▼▼▼

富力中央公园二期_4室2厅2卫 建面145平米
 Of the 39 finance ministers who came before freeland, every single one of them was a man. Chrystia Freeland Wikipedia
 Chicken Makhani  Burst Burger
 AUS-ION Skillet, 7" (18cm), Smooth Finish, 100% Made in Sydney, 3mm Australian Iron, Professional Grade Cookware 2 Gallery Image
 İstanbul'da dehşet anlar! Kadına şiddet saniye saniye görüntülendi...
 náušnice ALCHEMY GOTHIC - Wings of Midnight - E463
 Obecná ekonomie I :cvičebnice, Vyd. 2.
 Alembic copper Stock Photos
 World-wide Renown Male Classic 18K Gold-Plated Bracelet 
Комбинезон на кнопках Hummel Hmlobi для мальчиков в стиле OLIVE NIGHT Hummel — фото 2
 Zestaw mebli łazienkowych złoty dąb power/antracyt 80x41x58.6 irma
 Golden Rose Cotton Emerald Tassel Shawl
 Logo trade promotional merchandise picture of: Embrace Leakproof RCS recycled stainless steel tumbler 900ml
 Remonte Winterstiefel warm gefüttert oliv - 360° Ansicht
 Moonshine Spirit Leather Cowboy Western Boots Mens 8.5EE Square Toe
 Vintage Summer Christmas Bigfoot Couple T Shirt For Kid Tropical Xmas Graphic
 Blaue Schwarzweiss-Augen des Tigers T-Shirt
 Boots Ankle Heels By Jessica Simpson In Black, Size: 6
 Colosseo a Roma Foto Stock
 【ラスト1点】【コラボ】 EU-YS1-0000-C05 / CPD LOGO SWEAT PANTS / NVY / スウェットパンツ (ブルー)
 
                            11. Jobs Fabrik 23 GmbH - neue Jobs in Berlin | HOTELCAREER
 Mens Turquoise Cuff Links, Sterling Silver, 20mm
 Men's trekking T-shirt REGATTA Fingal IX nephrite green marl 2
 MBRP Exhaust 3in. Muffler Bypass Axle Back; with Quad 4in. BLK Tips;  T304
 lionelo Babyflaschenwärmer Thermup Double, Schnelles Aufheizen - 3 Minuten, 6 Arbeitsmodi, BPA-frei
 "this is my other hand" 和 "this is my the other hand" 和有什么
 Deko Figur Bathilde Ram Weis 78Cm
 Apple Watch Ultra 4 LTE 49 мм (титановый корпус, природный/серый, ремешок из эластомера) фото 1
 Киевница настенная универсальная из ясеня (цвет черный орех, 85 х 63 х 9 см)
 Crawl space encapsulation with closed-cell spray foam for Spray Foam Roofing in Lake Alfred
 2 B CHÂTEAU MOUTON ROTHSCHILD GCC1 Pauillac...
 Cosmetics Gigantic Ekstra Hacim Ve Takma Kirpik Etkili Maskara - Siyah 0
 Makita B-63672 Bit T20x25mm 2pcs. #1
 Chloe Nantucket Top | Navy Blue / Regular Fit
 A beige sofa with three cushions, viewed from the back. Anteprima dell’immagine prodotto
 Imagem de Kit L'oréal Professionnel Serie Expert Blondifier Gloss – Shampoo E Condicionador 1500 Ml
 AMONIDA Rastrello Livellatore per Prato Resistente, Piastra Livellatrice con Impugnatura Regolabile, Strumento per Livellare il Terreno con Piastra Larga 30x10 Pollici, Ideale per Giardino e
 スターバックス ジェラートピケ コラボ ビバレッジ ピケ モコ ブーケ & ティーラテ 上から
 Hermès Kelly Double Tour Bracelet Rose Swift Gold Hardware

▲▲▲

**ACTIVITY**:
Where a line of the records has the string "Boots", copy that line.

**THE COMPLETED TASK**:
 Moonshine Spirit Leather Cowboy Western Boots Mens 8.5EE Square Toe
 Boots Ankle Heels By Jessica Simpson In Black, Size: 6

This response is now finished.